Empowering Connections - summer 2021


Meeting Youth Where They Are

ACLP Bulletin | Summer 2021 | VOL. 39 NO.3

Anish Raj, MD, The Children's Hospital of Philadelphia, Philadelphia, Pennsylvania 
Meagan Fitzgerald, MS, CCLS, Hasbro Children's Hospital, Providence, Rhode Island

Four weeks in, the dam broke, and the questions arrived rapid-fire.
“Wait, you don’t have to come to this?”
“You want to be here?”
“Y’all are just here cause you care?”

As we sat around the group home dining table, the teenagers looked at each other incredulously. In their questions, we started to see answers. They were surprised that adults would simply make the choice to spend evenings with them when not required by their employer, child protective services, or other agencies.

According to national data estimates, more than 420,000 youth are in foster care at any given time with approximately 18,000 residing in a group home (United States Children’s Bureau, 2020). It is widely known that foster care youth are at greater risk for a variety of negative psychosocial outcomes compared to peers who have never been in placement (Lanctôt, 2020). Key distinctions between the challenges experienced by youth transitioning to adulthood from care have been documented across gender (Lanctôt, 2020). Existing literature has demonstrated that domains particularly affected for women leaving care involve well-being, relationships, and socialization, and that interpersonal relations are central to the resilience process (Lanctôt, 2020).

Emerging research suggests that the notion of perceived social supports can be crucial in promoting resilience and preventing negative psychosocial outcomes (Lanctôt, 2020). However, given the complexities related to histories of maltreatment, disrupted attachments, and resultant mistrust experienced by many youths in care, establishing supportive social networks can be challenging (Lanctôt, 2020). Nonetheless, a positive relationship with a supportive adult may be the strongest predictor of adaptation and resilience for these youth (Rabley et al., 2014). Non-parental caregivers, such as group home staff and mentors, are in a unique position to offer a surrogate family environment.
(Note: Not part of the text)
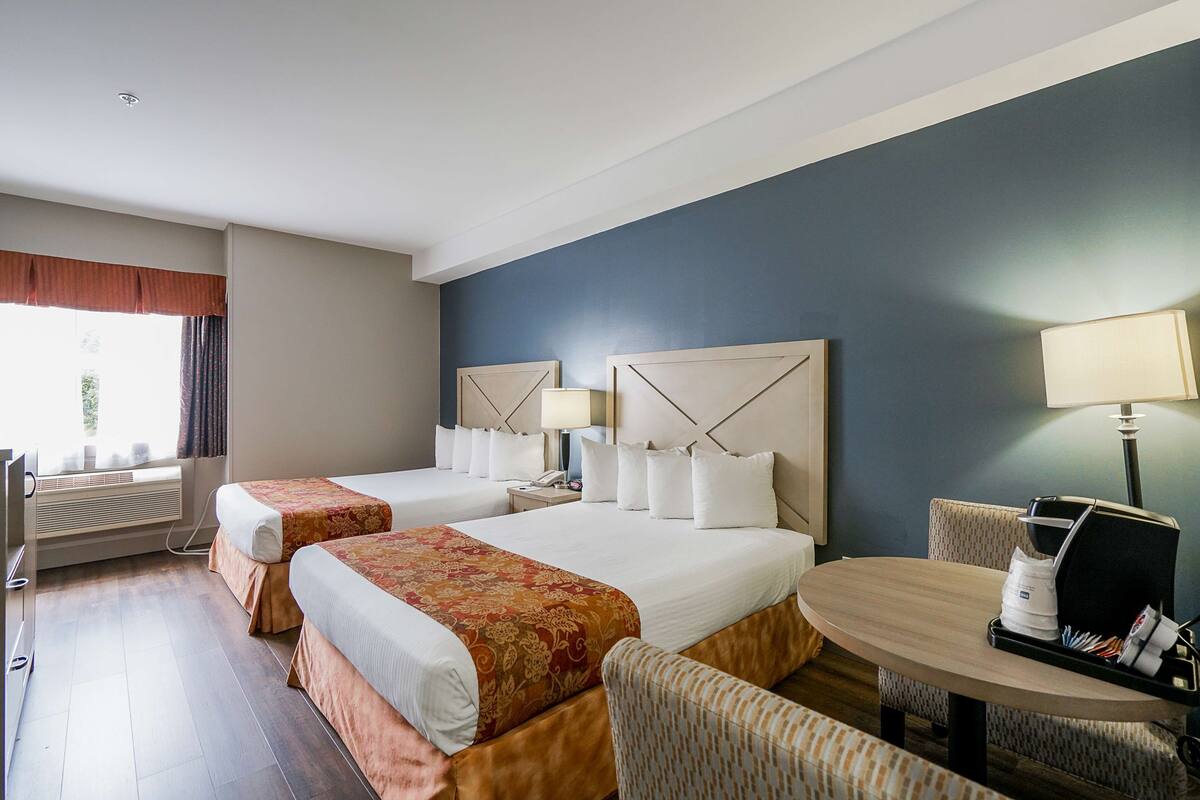 Une chambre d’hôtel avec deux lits, un bureau, une chaise et une table.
Interviews aimed at gathering the perspectives of youth in group homes have revealed that the most positive of these relationships are often secondary to consistent interactions, open communication, trust, humor, and shared interests (Rabley et al., 2014). Recognizing that lack of engagement can be a barrier, studies have determined that youth-driven interventions, consistency, and incentive-based strategies can be beneficial in improving “buy-in” (Rabley et al., 2014; Boel-Studt et al., 2018).

Based on our clinical experience, the authors, a Triple Board resident physician and a child life specialist, observed that youth from local group homes seemed to present on a recurrent basis to the children’s hospital. Youth often voiced dissatisfaction with their living arrangements, any prospect of their circumstances improving, the health care providers they encountered, and the cycle of returning to their assigned placements if medically and psychiatrically cleared. It became evident to us that there was a disconnect between what the youth were seeking in the hospital and the care that was being provided. 

In the fall of 2019, we collaborated to think outside the box of traditional clinical roles to engage local youth and meet them “where they are” — literally and figuratively. Past efforts by the hospital to provide outreach to youth residing in group homes largely took place at the juvenile justice facility, local sexual violence agency, or child protection center. It was hypothesized that youth may benefit from the experience of “health care outsiders” coming to them and cultivating positive relationships in a non-clinical setting.

After initial conceptualization was complete, a focus group was convened with administrative stakeholders from a local, non-profit social service organization that manages multiple residential programs for adolescent females who are in the custody of the state. Based on geographical location, the number of residential youths, average length of stay, level of acuity, and opportunity for continuity, a particular group home was selected as the site of the pilot project. The identified group home was estimated to serve six to eight adolescent females at any given time with ages ranging from 14 to 17. Categorized as a step-down program, youth generally remained in the group home for multiple months. Supervision was provided around-the-clock by a minimum of two staff members.

We formulated a model of unstructured and non-curriculum- based evening sessions held once weekly on-site in the group home, facilitated by an inter-disciplinary team comprised of two to four physicians and child life specialists. The hope was that experiences within the group could build resilience factors and translate to favorable outcomes across such domains as interpersonal relationships, engagement with health care, and school functioning. The group was therefore titled Empowering Youth Connections (EYC).

Sessions typically comprised of dinner, discussion, and a group activity over the course of approximately two hours. One evening, a broad conversation about family was initiated while engaging in a freeform art project. As residential youth reflected on their respective childhoods, how those experiences shaped their present, and what their future aspirations looked like, the discussion branched out into dialogue about identity, personal values, and self-esteem. As the youth continued to provide their perspectives, individuals tied in their experiences related to sexual orientation and violence within relationships. The open forum also allowed for the sharing of adolescent outlooks on social media and societal influence on gender roles and inequalities. Rather than evoking a specific goal-directed approach, our objective was to listen to the substance underpinning the views, process in real time, and assist with interpretation. It would not be an exaggeration to acknowledge that we organically learned more about the backgrounds and perspectives of those six adolescents in two hours than perhaps we could have in weeks of clinical service.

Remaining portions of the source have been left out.